I played a little bit at home as how we would set this up. This is not a new issue obviously; many have solved it previously. I did it partly as an exercise to familiarize myself with cgywin, maven and intellij as they are the new tools I will be using at my new job :)
The things to accomplish
- Load properties to replace placeholders in spring config from both .properties file and a database table
- The configuration table will contain properties for more than one application
- Use another .properties file to initialize the datasource for the database configuration table.
Main libraries used
- Spring (3.0.3.RELEASE)
- H2 database (1.1.118)
- Spring modules (0.8a)
- Commons-configuration (1.6)
- JUnit (4.5)
- Spring-test (3.0.3.RELEASE)
I first created a simple project via maven. I assume you have maven installed with shell/batch access.

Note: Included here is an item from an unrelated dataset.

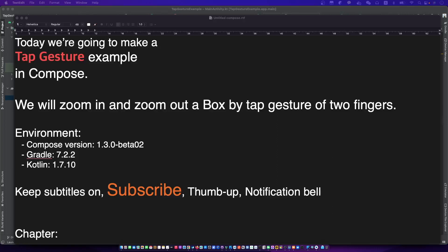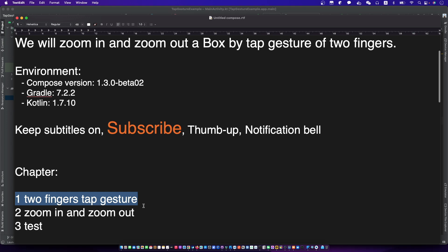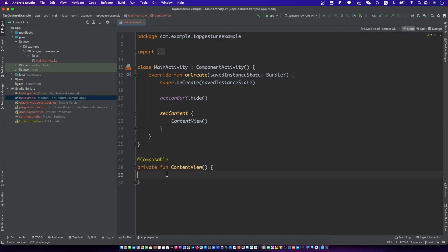Hello, I'm your friend CodingWithCan. Today we're going to make a tap gesture example in Compose. We will zoom in and zoom out a box by tap gesture of two fingers. Open the subtitles and let's begin. Let's create a sample box as a rectangle and add the tap gesture to it.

mvn archetype:generate -B -DarchetypeGroupId=org.apache.maven.archetypes -DarchetypeArtifactId=maven-archetype-quickstart -DarchetypeVersion=1.0 -DgroupId=net.pureessence -DartifactId=DatabaseConfiguration -Dversion=1.0 -Dpackage=net.pureessence.example
How I wired up the configuration datasource
I created a factory to create the datasource using org.apache.commons.dbcp.BasicDataSourceFactory.createDataSource(properties) and loaded the initial datasource properties statically via the class loader. For more information on the property keys used by BasicDataSourceFactory.createDataSource, visit this test case.

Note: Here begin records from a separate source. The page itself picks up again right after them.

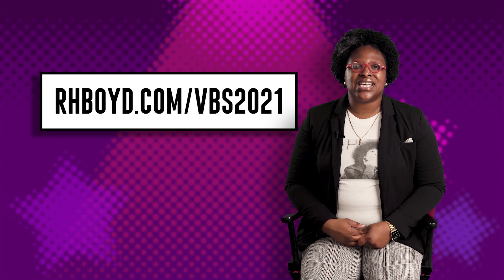Thank you so much for joining us for RH Boyd's 2021 VBS, A New Song, The Message in Our Music. And always remember, God continues to give us reasons to sing new songs of praise to His name. Here's to wishing you a fantastic 2021 VBS. Thank you so much for joining us.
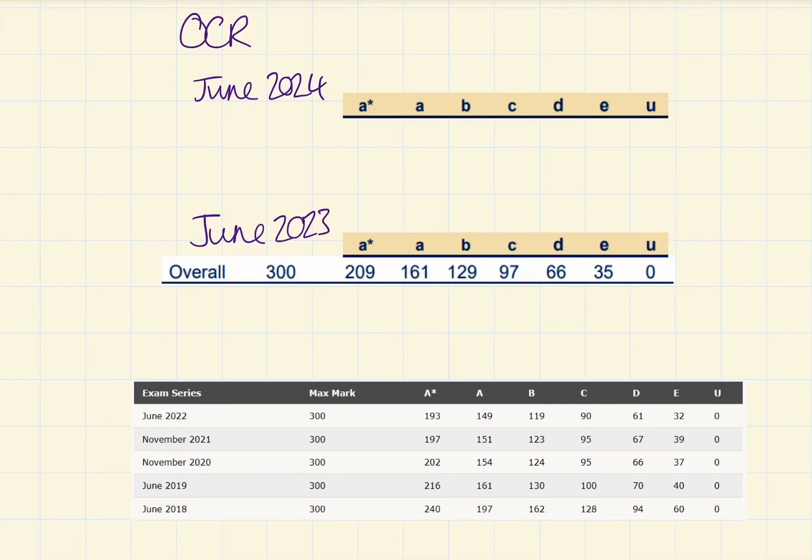Hello and welcome to today's video. I'm going to be talking about June 2024 grade boundaries for OCR A-level maths.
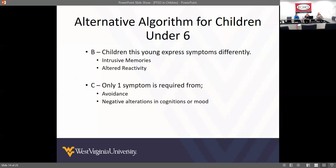For children under six, decades of research — much of it by Charles Zeanah and colleagues — identified an alternative algorithm for children under six. When looking at the PTSD diagnosis in the DSM, you're still looking at the same Criterion A: exposure to actual threat of death, serious injury, or sexual violence, whether it's direct, witnessed, or heard about. That remains Criterion A.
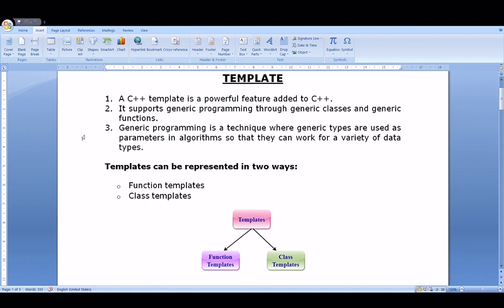That is basically generic programming. In generic programming we use a generic class and generic function — for example a sorting function, which is a generic function because we don't mention any particular data type. It can work for integer, float, character, etc. Whatever data type we pass as a parameter, it will work for it. We can define the generic function and generic class using the template keyword.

public static DataSource createDataSource(String propertyFilename) throws Exception {
Properties properties = new Properties();
InputStream in = PropertiesDataSourceFactory.class.getClassLoader().getResourceAsStream(propertyFilename);
properties.load(in);
in.close();
return BasicDataSourceFactory.createDataSource(properties);
}
<bean id="dataSource" class="net.pureessence.example.PropertiesDataSourceFactory" factory-method="createDataSource">
<constructor-arg type="java.lang.String" value="databaseForConfiguration.properties" />
</bean>
How I wired up the configuration
<bean class="org.springframework.beans.factory.config.PropertyPlaceholderConfigurer"
p:location="classpath:env.properties"
p:properties-ref="commonsConfigurationFactoryBean"/>
<bean id="commonsConfigurationFactoryBean" class="org.springmodules.commons.configuration.CommonsConfigurationFactoryBean">
<constructor-arg ref="databaseConfiguration"/>
</bean>
<bean id="databaseConfiguration" class="org.apache.commons.configuration.DatabaseConfiguration">
<constructor-arg type="javax.sql.DataSource" ref="dataSource"/>
<constructor-arg name="table" value="configuration"/><!— configuration table name —>
<constructor-arg name="nameColumn" value="application"/><!— name column —>
<constructor-arg name="keyColumn" value="key"/><!— key column —>
<constructor-arg name="valueColumn" value="value"/><!— value column —>
<constructor-arg name="name">
<util:constant static-field="net.pureessence.example.Constants.APPLICATION_ONE"/>
</constructor-arg><!— name (specific configurations) —>
</bean>
<bean id="person" class="net.pureessence.example.Person"
p:firstName="${first.name}"
p:lastName="${last.name}"
p:email="${email}"
p:car="${car}" />
The property key “car” is loaded from env.properties while “first.name”, “last.name” and “email” properties are loaded from the database table.
Why it works
In order to load configuration/placeholders from a database table, the datasource has to be instaniated prior to the instaniation of all of the other beans with placeholders. The databsource factory creates the instance of the datasource via another properties file loaded outside of spring.
Note about the tests
The tests are set up to load the H2 database with the configuration table & data prior to the loading of the spring context in order for it to work
Source code
It contains both intellij and eclipse project files. You should have the m2eclipse plugin for eclipse installed in order to pull down the jars in pom.xml.